= Jean Colbert Martineau =

Jean Colbert Martineau (died September 5, 1995) was a pioneering radio broadcaster and radio show host. She interviewed many prominent people as host of "The Jean Colbert Show" six days a week on WTIC in Hartford, Connecticut.

She was born in New York City and studied at Hunter College. She worked as a radio actress early in her career. From 1943 until 1946 she worked for WTAM in Cleveland, Ohio.

She interviewed Gerda Ring. She interviewed First Ladies Eleanor Roosevelt and Pat Nixon.
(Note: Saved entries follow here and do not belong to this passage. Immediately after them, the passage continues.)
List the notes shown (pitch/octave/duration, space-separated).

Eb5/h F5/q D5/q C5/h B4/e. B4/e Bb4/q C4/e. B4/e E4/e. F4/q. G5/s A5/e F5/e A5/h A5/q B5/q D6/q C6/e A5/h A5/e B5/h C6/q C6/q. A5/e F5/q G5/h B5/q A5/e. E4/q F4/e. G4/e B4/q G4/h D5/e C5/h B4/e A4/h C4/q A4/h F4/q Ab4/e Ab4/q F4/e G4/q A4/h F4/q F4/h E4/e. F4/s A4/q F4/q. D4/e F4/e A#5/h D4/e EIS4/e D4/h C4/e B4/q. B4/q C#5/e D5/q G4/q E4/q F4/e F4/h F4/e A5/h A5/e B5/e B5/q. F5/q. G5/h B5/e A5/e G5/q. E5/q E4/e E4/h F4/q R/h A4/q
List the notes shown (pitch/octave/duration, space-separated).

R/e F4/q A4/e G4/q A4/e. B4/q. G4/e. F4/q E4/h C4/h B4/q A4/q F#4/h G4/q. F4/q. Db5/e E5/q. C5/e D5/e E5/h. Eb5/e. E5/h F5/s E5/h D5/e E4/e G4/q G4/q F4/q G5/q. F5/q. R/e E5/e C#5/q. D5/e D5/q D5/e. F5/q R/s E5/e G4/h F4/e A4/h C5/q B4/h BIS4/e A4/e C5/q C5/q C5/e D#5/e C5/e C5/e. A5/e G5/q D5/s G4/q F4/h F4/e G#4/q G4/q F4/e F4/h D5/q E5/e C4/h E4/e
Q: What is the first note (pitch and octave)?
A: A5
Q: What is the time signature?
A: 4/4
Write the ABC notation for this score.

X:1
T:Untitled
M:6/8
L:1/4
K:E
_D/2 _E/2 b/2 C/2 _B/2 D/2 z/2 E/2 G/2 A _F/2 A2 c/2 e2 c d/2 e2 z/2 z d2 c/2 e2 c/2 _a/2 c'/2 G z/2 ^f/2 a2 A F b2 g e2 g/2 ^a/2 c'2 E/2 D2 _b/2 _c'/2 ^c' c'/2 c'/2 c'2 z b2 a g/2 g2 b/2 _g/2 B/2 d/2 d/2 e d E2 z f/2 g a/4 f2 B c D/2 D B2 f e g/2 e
She interviewed female family members of the U.S. Ambassador to Spain. She interviewed Philip Evergood in 1960. She was the first interviewer of Helen Keller, and the only American broadcaster to interview the Finnish composer Jean Sibelius. Other prominent interviewees include Winston Churchill, Katharine Hepburn, Richard Burton, Queen Elizabeth, Albert Einstein, Arthur Fiedler, Lucille Ball, Marilyn Monroe, Elizabeth Taylor, Grace Kelly, Prince Rainier, Alfred Hitchcock, Liberace, Gregory Peck, Joe DiMaggio, the Duke of Windsor, Fidel Castro, Adlai Stevenson, and presidents Harry Truman and Lyndon Johnson.

She married naval officer David L. Martineau.